L’altro giorno ho rassegnato le dimissioni dalla direzione de Linkiesta. Ho ritenuto non ci fossero più le condizioni, i mezzi e la prospettiva per proseguire e provare a sviluppare la mia idea di giornale. È una scelta serena, senza rancori. Nessuna tragedia. Un paio di settimane fa ho scritto una lunga riflessione in cui raccontavo quel che si impara lavorando in un giornale digitale e descrivevo una sorta di piccolo manifesto al tempo della grande distruzione tecnologica e della disintermediazione tra contenuti e contenitori. Da quell’articolo è scaturito un dibattito interessante (qui, qui, qui, qui e qui) che spero si allarghi sempre più anche ai protagonisti della carta stampata. Ne abbiamo urgente bisogno.
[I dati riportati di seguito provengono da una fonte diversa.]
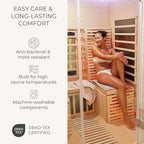 SAUNASOFA™ Sauna Mat & Pillow Set – 3 Person Sauna seat Cushion with Pillow – Heat-Resistant Sauna kit for Infrared or Finnish saunas in Grey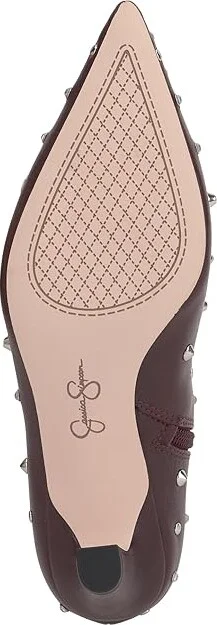 Jessica Simpson Viviana Kitten Heel Studded Bootie Women's Boots Dark Cherry : 8 M, Leather - Image 3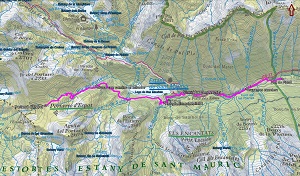 Croquis de la ruta al Portarró d'Espot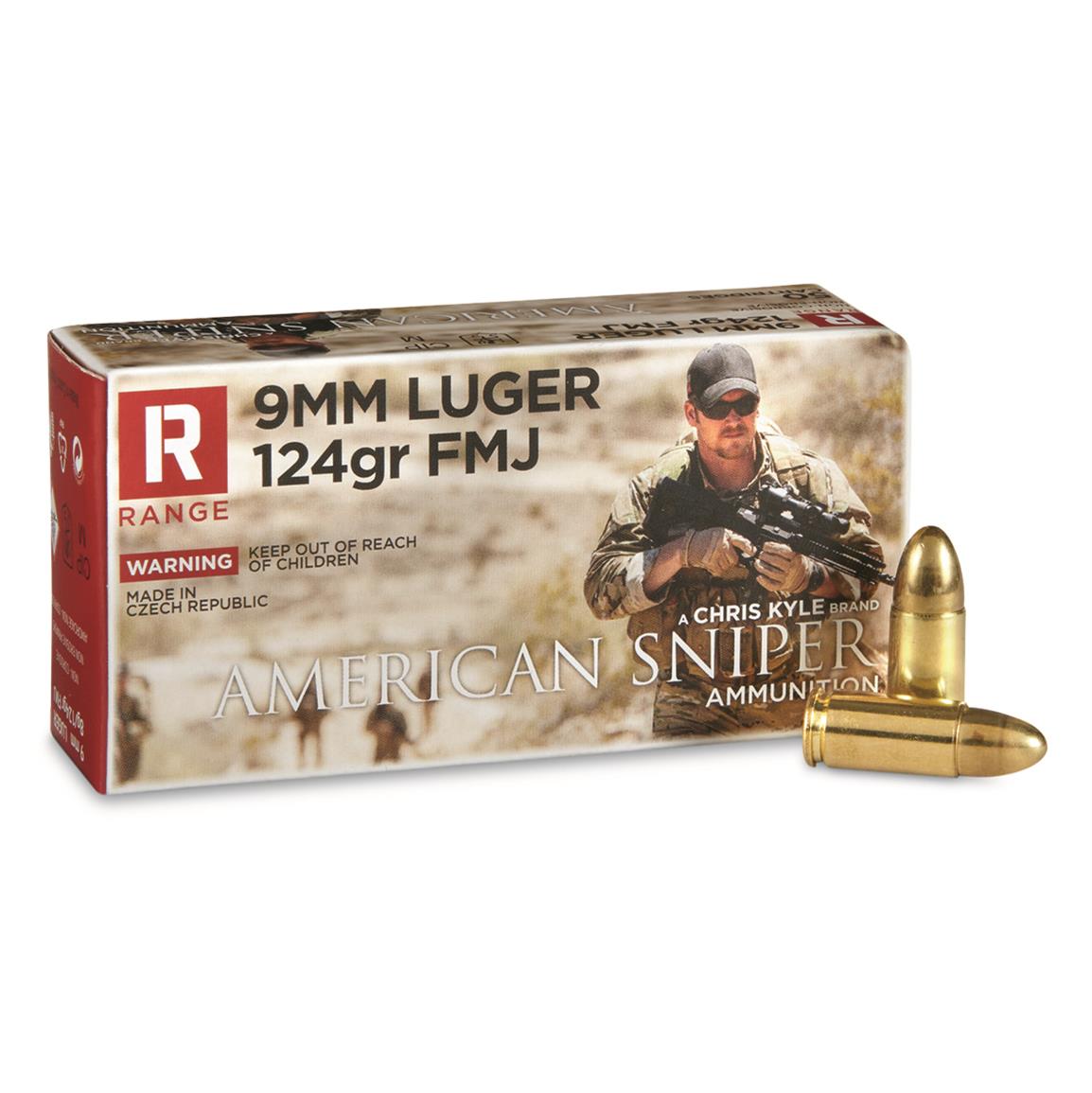 American Sniper Range, 9mm, FMJ, 124 Grain, 50 Rounds
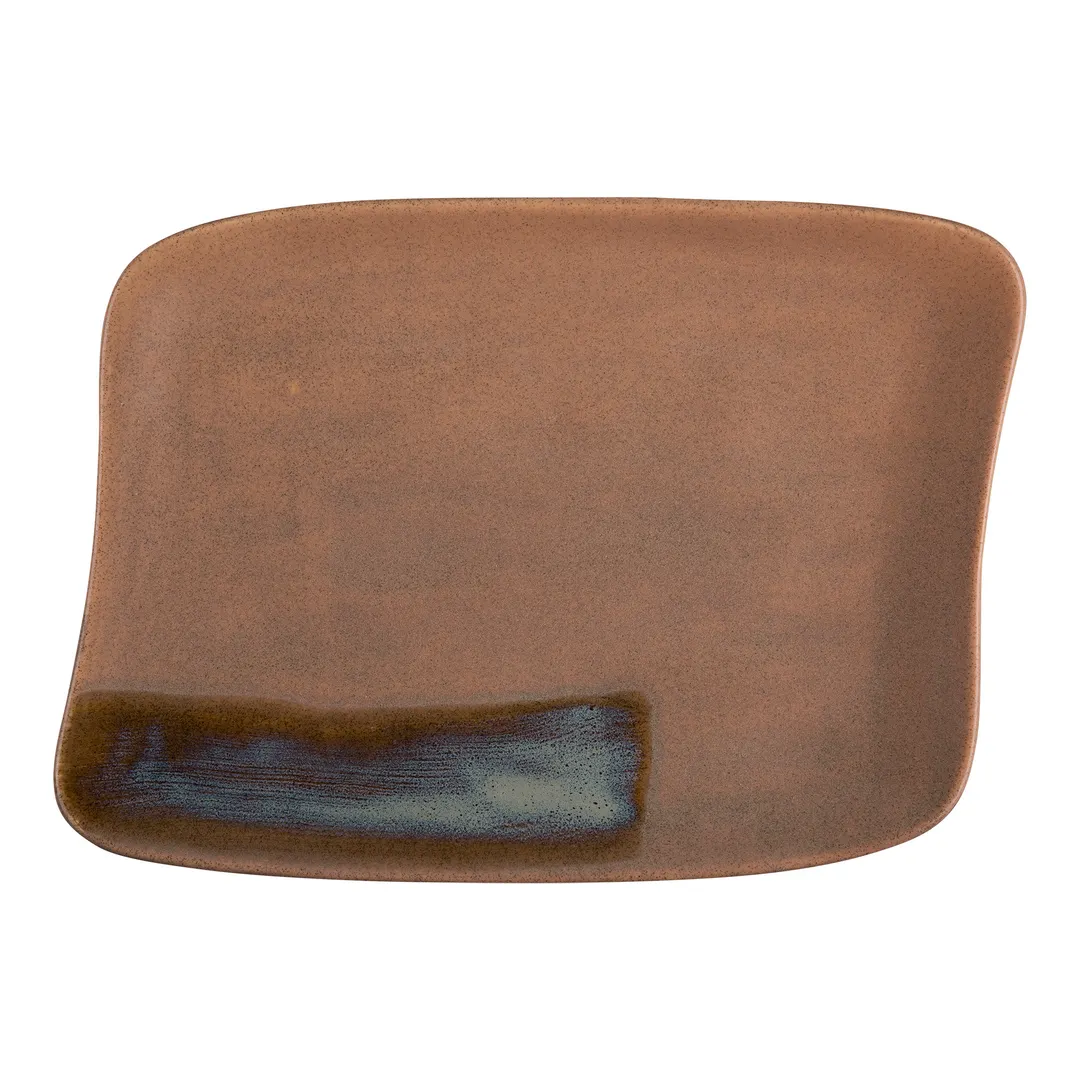ID Fine 5325267 Roots Platter, Vitrified Stoneware, 8.63" W x 11.75" D x 0.88" H, Ceramic Dinnerware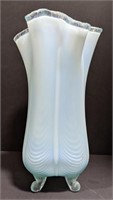 Fenton marked footed vase. Measures 11.5 inches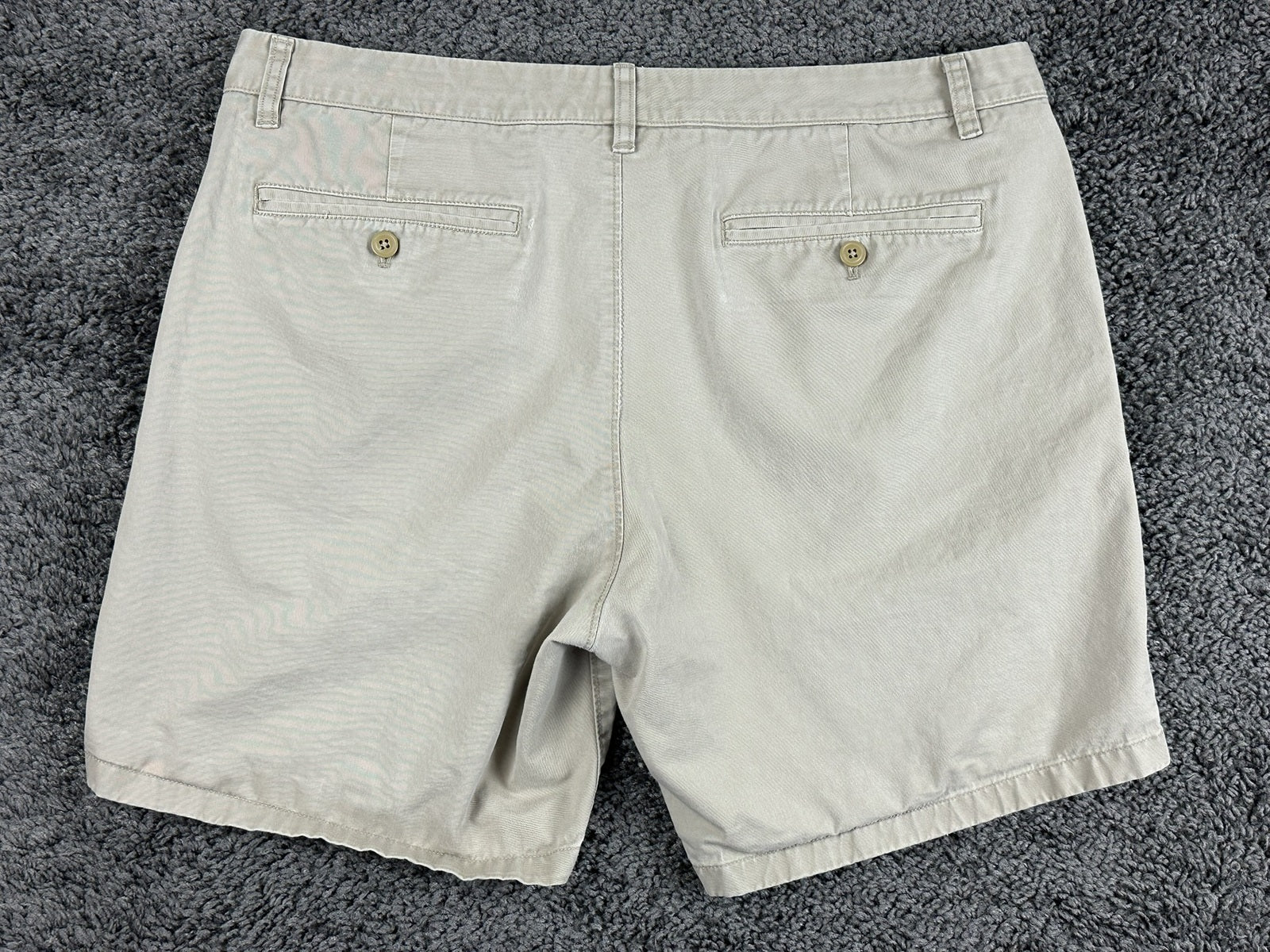 Bonobos Mens Stretch Washed Chino Shorts Khaki Tan Flat Front 7 Inseam Size 36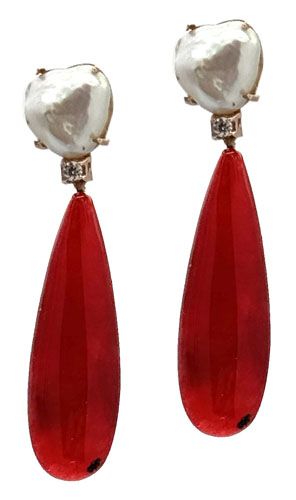Earrings with pearls, carnelian, and 925 silver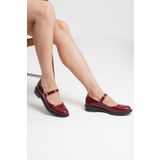 Beyond Kadın Bordo Rugan Bantlı Loafer Babet Ayakkabı 2,5cm Byndlfrk11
Il mio articolo poteva essere un epitaffio o un nuovo inizio a Linkiesta. Si è rivelato un epitaffio, ma sono convinto che resti quella la sfida su cui dobbiamo misurarci tutti, nessuno escluso, senza alibi: editori, aziende, manager, giornalisti, blogger, collaboratori e tutte le competenze diverse dal giornalismo tradizionale che servono per fare un prodotto al passo coi tempi. Se hanno un (piccolo) senso le mie dimissioni è proprio questo: rompersi la testa su come fare un giornale bello, autorevole, divulgativo, radicalmente nuovo e quindi sostenibile, capace di produrre ricavi.